The Flensburg Shipbuilding Cooperation (Flensburger Schiffbau-Gesellschaft, FSG) is one of the most important companies located at the Flensburg Fjord, which is the westernmost inlet of the Baltic Sea. The company employs approximately 750 people and is the global leader in specialised shipbuilding. The image shows the ROLLDOCK STAR shortly before commissioning. It is one of two specialised heavy-load carriers built in Flensburg. Two heavy-duty cranes move conventional cargo via its height-adjustable stern ramp.
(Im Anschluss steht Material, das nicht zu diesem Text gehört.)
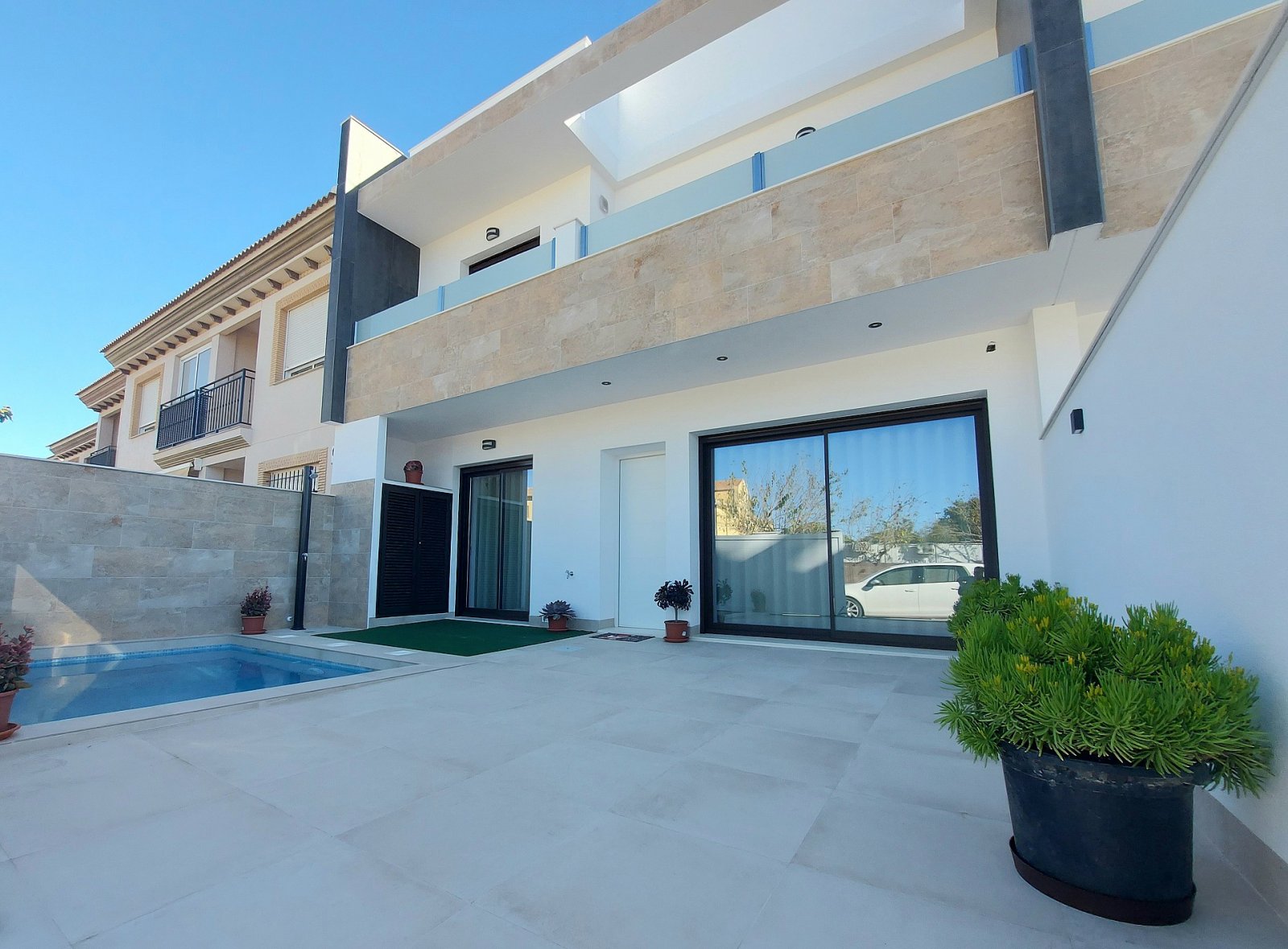 <p>Terraced villa provided with 3 Bedrooms and 3 Bathrooms, private swimming pool and parking space on own plot. </p><p>Beautiful ready-to-use new-...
The highlight feature of the ship is that it is submersible and can handle cargo being floated in or floated out weighing up to 7,000 tons.
Die Wiege Europas: Glücksburg
Folgt man von Flensburg der Uferstraße am Ostufer der Förde, gelangt man in einen kleinen Ort mit größter geschichtlicher Bedeutung. Hier liegt an einem kleinen See, dem Schlossteich, das Schloss Glücksburg. Glücksburg wurde ab 1587 in unmittelbarer Nähe eines aufgelösten Klosters errichtet, dessen Abtrag zum Teil als Baumaterial für das neue Schloss wiederverwendet wurde. Das einstige Klostergelände wurde geflutet und zu einem großen Schlossteich aufgestaut.
Als im Jahr 1863 Prinz Christian von Schleswig-Holstein-Sonderburg-Glücksburg als Christian IX. den dänischen Thron bestieg, wurde er damit auch zum Stammvater der bis heute auf dem dänischen Thron sitzenden »Glücksburger Linie«. Später nannte man ihn den »Schwiegervater Europas«. Von seinen Töchtern wurden zwei in die bedeutendsten Königshäuser Europas, England und Russland, verheiratet. Andere seiner sechs Kinder heirateteten in die wichtigsten Fürstenfamilien Europas ein. Christian IX. ist der Urgroßvater von Prinz Philip, Duke of Edinburgh, und zugleich Ururgroßvater (!) von dessen Gemahlin, der britischen Königin Elisabeth II.